■ WHAT YOU SHOULD DO: For every entry below, give an exact repeat and leave out the pictures.

■ SOURCE MATERIAL:
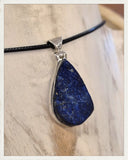 Colgante de lapislázuli en bruto y plata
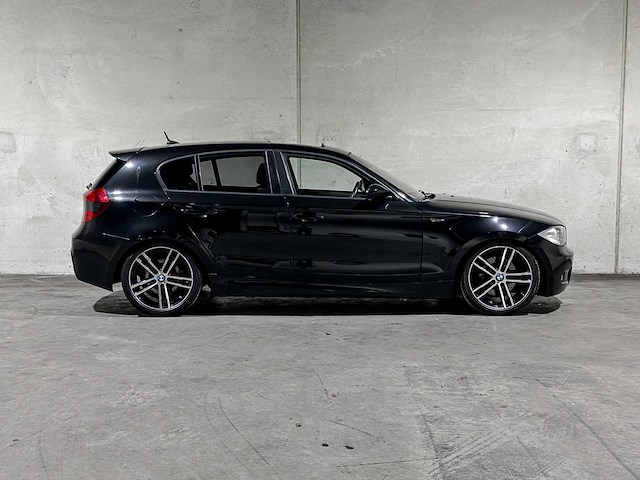 Bmw 130i 3.0 m-sport e87 265pk 2006 1-serie 5-deurs, 18-tb-kr youngtimer - afbeelding 38 van  39
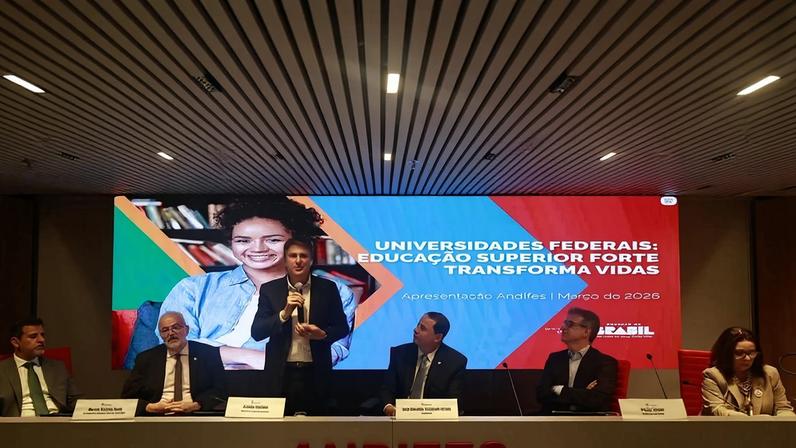 MEC anuncia repasse de R$ 400 milhões a universidades federais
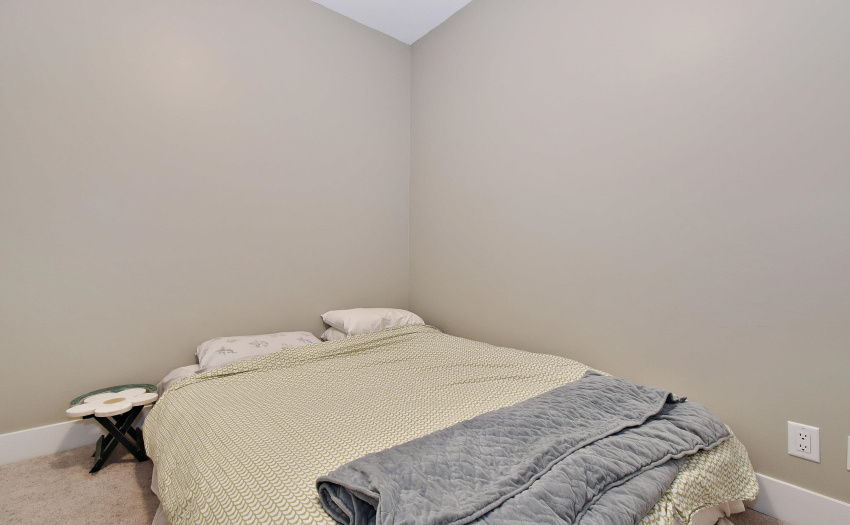 Great space to use as a home office or as a second bedroom for a roommate or child.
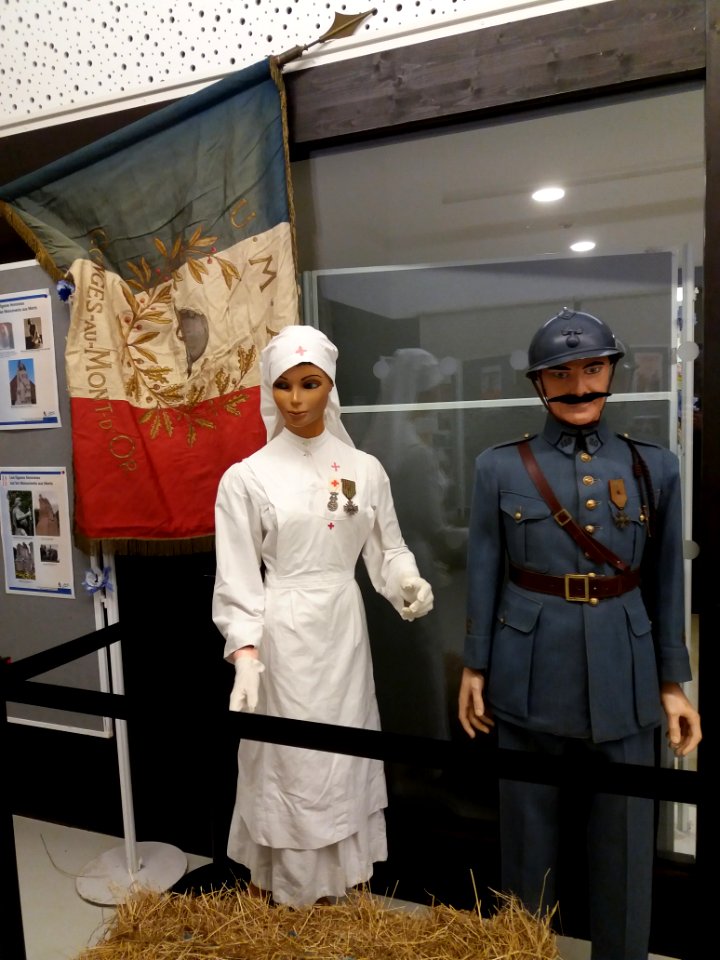 Médiathèque de Colonges-au-Mont-d'Or - Exposition Centenaire du 11 novembre 1918 - Costumes et drapeau d'époque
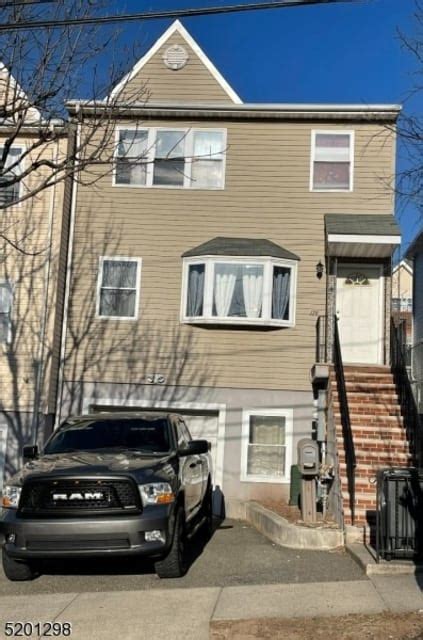 176 sherman ave, paterson, nj  This property has a lot size of 2252 sqft and was built in 2001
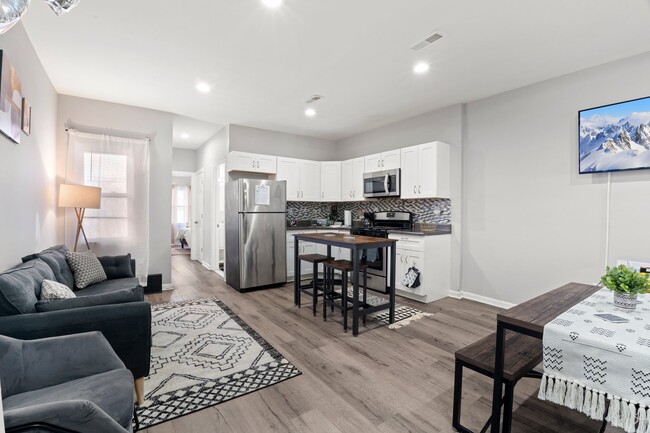 Foto del edificio - 5911 Warrington Ave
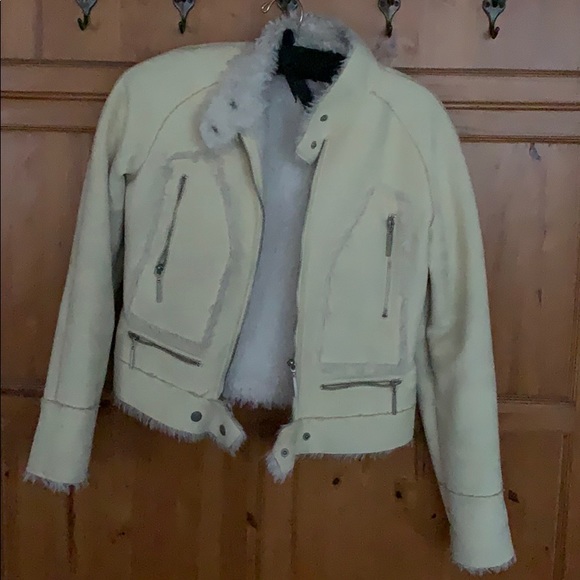 Bebe yellow suede jacket - Picture 4 of 8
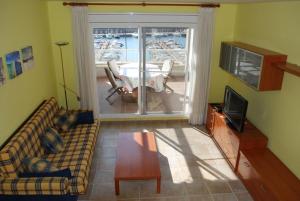 uma sala de estar com um sofá e uma mesa em Duplex Residencial Marina del Port 72 em Calafat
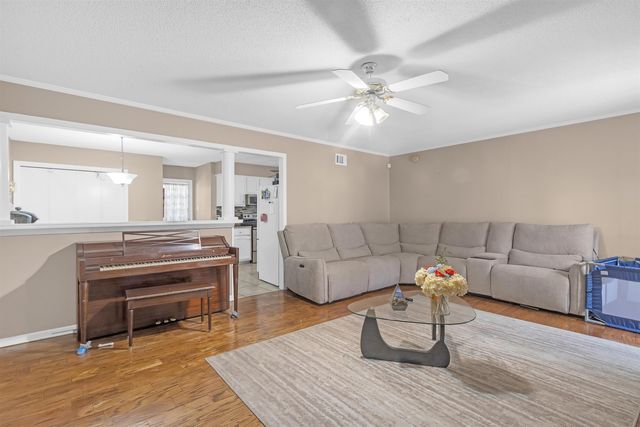 7192 LAMESA LN, Bartlett, TN 38133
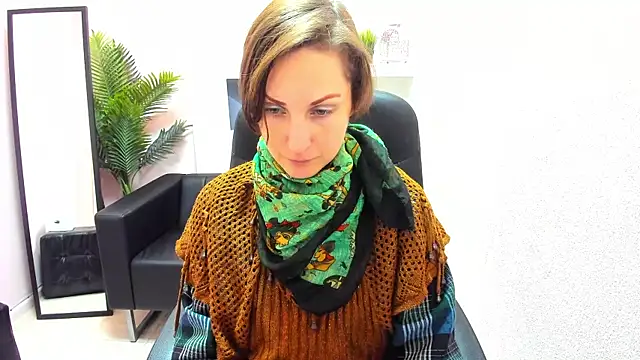 Snapshot of AuroraScript chatting on 30, 12, 2024 AuroraScript online show from 30, 12, 2024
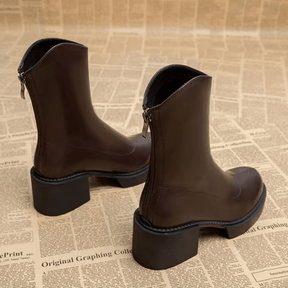 Bota Feminina de Couro com Salto Collen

■ WRITTEN RESPONSE:
 Colgante de lapislázuli en bruto y plata
 Bmw 130i 3.0 m-sport e87 265pk 2006 1-serie 5-deurs, 18-tb-kr youngtimer - afbeelding 38 van  39
 MEC anuncia repasse de R$ 400 milhões a universidades federais
 Great space to use as a home office or as a second bedroom for a roommate or child.
 Médiathèque de Colonges-au-Mont-d'Or - Exposition Centenaire du 11 novembre 1918 - Costumes et drapeau d'époque
 176 sherman ave, paterson, nj  This property has a lot size of 2252 sqft and was built in 2001
 Foto del edificio - 5911 Warrington Ave
 Bebe yellow suede jacket - Picture 4 of 8
 uma sala de estar com um sofá e uma mesa em Duplex Residencial Marina del Port 72 em Calafat
 7192 LAMESA LN, Bartlett, TN 38133
 Snapshot of AuroraScript chatting on 30, 12, 2024 AuroraScript online show from 30, 12, 2024
 Bota Feminina de Couro com Salto Collen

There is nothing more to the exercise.